Note: The polls included in this table used different question wording, including variations on “support,” “approve” and “favor,” as well as “oppose” “disapprove” and “vote down.”

https://fivethirtyeight.com/features/the-gop-tax-cuts-are-even-more-unpopular-than-past-tax-hikes/

lol. morans

"Only 16 percent of American voters say the Republican tax plan will reduce their taxes, while 35 percent of voters say it will increase their taxes and 36 percent say it won't have much impact on their taxes. "
 
When you own a stock of a C-Corp, the Corporation pays a 20% tax rate when it's earned, and then you also pay taxes when they distribute the income to you.

You can't take the money cash free, although you can do tricky things like adjust the timing, give yourself loans, etc.

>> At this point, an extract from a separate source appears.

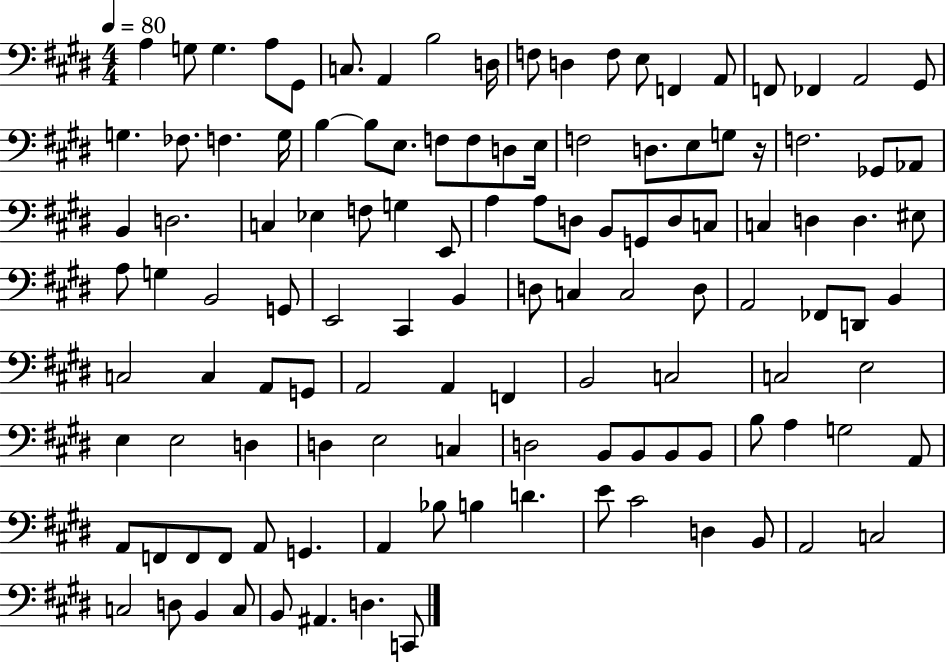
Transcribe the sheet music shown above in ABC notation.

which is why you make yourself an S Corp and pass the income through that entity vs collecting a wage. everyone is a consultant
 
chart1-lisa.png
 
which is why you make yourself an S Corp and pass the income through that entity vs collecting a wage. everyone is a consultant

Well that's what I'd do, but they make that option not terribly viable for accountants/lawyers/etc. Although small (1.5%), there are also S-corp taxes. For the most part you can't justify having a wage below the SS cap of $127k, so the wage vs pass through benefit isn't that huge under the new tax rates. I mean I could maybe save a few thousand dollars if I got to the $400k income level, but the legal/accounting costs probably eat all that up.
 
When you own a stock of a C-Corp, the Corporation pays a 20% tax rate when it's earned, and then you also pay taxes when they distribute the income to you.

You can't take the money cash free, although you can do tricky things like adjust the timing, give yourself loans, etc.

I see what you mean, but it seems like there are ways around that that will allow a lot of rich people to decrease their effective rates even more.

C-corporation shareholders would pay the 20 percent corporate tax, but also pay dividend or capital gains taxes on their individual tax returns at rates up to 23.8 percent. In practice, however, the effective rate on capital gains tends to be much lower than the statutory rate because shareholders can defer selling shares and because several provisions eliminate the tax entirely. In addition to the lower rate, C corporate form would allow many taxpayers the ability to deduct fringe benefits many pass-through business owners are currently unable to deduct, like health insurance premiums and fringe benefits, and to use itemized deductions, like state and local taxes paid, which would no longer be deductible for individuals. This favorable tax treatment will give some highly-paid wage earners or pass-through business owners strong incentives to turn their wages and pass-through income into corporate profits.
 
Well that's what I'd do, but they make that option not terribly viable for accountants/lawyers/etc. Although small (1.5%), there are also S-corp taxes. For the most part you can't justify having a wage below the SS cap of $127k, so the wage vs pass through benefit isn't that huge under the new tax rates. I mean I could maybe save a few thousand dollars if I got to the $400k income level, but the legal/accounting costs probably eat all that up.

a few thousand? you just said Americans would get a boner over $12-24,000
 
a few thousand? you just said Americans would get a boner over $12-24,000

Well the Senate plan doesn't reduce the "pass-through" rate, what it does is allow you to deduct 17% of pass through income. Doesn't have a huge effect if no one is itemizing due to the higher standard deduction and no SALT taxes. If what tilt posted about the SALT taxes being back in play is true, then its easier to game the system.

But if SALT taxes were non-deductible, then you essentially need business income in excess of wages to be greater than like $150k for it to get over your standard deduction. Not everyone can just quit their job and be a consultant and make $250k.

But then take it a step further, say they make $400k. That's $150k business income over the standard deduction *.17*.24 = $6k in savings on $400k in income by "becoming a consultant" Probably not worth the hassle. I'm not quitting a job someone is paying me $400k for to go start my own business and take on the risk for $6k.